Jakarta, KPonline – Berapa besarnya kenaikan upah minimum tahun 2019?
Pertanyaan ini bisa jadi akan mudah untuk dijawab. Sesuai dengan Peraturan Pemerintah Nomor 78 Tahun 2015 tentang Pengupahan, besarnya kenaikan upah minimum tahun 2019 adalah inflansi plus pertumbuhan ekonomi di tahun 2018.
Itu jawaban normatif. Berkaca pada tahun lalu, sebesar nilai inflansi dan pertumbuhan ekonomi itulah, Gubernur menetapkan upah di masing-masing daerah.
Nampaknya Pemerintah benar-benar mengendalikan kenaikan upah. Tak kurang dari Kementerian Dalam Negeri membuat surat edaran agar setiap Gubernur memperhatikan PP 78/2015 dalam menetapkan upah minimum. Jika mbalelo, sanksi menanti di depan mata.
Akibatnya, ketika ada bupati atau walikota yang merekomendasikan nilai lebih besar, tetap saja diabaikan. Ini terjadi di Banten, Jawa Timur, dan beberapa daerah lain.
Kenaikan upah sebagaimana formula PP 78/2015 sangatlah tidak adil. Selain tidak demokratis, karena menghilangkan proses perundingan di dalam dewan pengupahan, juga mengabaikan fakta bahwa inflansi dan pertumbuhan ekonomi di masing-masing daerah tidak sama.
Jika rumus itu tetap dipakai, disparitas upah juga akan semakin tinggi. Katakalanlah inflansi dan pertumbuhan ekonomi nilainya 10 persen.
Naik 10 persen dari 3 juta dengan 1,5 juta tentu berbeda. Yang satu nilainya 300 ribu, satunya lagi hanya 150 ribu. Akibatnya, daerah-daerah yang saat ini upahnya rendah akan tetap rendah.
Belum lagi jika kita membandingkan upah dengan negara-negara sekitar. Upah Indonesia akan semakin tertinggal.
Upah Minimum di Tahun Politik
Kembali pada persoalan upah minimum 2019. Apa yang seharusnya dilakukan oleh kaum buruh?
Tahun depan adalah tahun politik. Tahun dimana secara konstitusi dimungkinkan terjadi perubahan kepemimpinan nasional.

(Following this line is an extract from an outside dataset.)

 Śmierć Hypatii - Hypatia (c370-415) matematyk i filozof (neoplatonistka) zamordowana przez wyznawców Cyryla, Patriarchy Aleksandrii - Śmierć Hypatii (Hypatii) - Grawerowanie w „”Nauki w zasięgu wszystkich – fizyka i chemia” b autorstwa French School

Dalam konteks itu, satu hal yang harus kita sadari, permasalahan upah adalah buah dari kebijakan politik. Maka kaum buruh memiliki kesempatan untuk memberikan hukuman bagi elit politik yang dalam membuat kebijakan tidak menguntungkan kaum buruh. Caranya adalah dengan tidak memilihnya kembali, baik dalam pileg (bagi anggota legislatif) maupun dalam pilpres (untuk eksekutif).
Dengan demikian, akan terbuka ruang pemerintahan yang baru nanti akan mengoreksi kebijakan pemerintah yang sebelumnya.
Apalah cukup dengan itu?
Tentu saja tidak. Aksi unjuk rasa harus tetap menjadi tulang punggung gerakan.

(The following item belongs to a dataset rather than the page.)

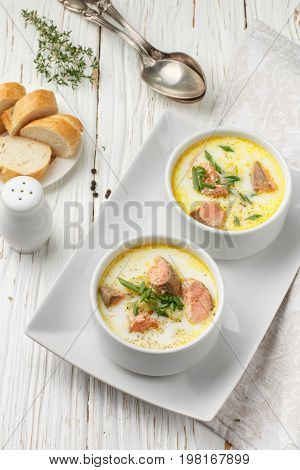 Creamy Fish Soup With Salmon, Potatoes, Onions And Carrots. Kalakeitto. Traditional Dish Of The Finn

Meskipun kita menggunakan strategi politik, konsep-loby-aksi tidak boleh dikesampingkan. Itulah yang sekaligus membedakan antara serikat pekerja dan partai politik.
Apakah aksi-aksi upah tidak akan sia-sia? Toh nantinya besar kenaikan tetap sesuai PP 78/2015.
Tentu saja tidak. Tidak ada yang sia-sia dari perjuangan menuntut hak. Hal ini justru akan memperkuat argumentasi kaum buruh, bahwa kebijakan pengupahan saat ini bermasalah. Sekaligus hendak menegaskan, bahwa masalah upah adalah masalah yang fundamental bagi kaum buruh.
Jika untuk sesuatu hal yang sepenting ini saja kita tidak bersungguh-sungguh, bagaimana kita akan berjuang untuk sesuatu yang lebih berat lagi?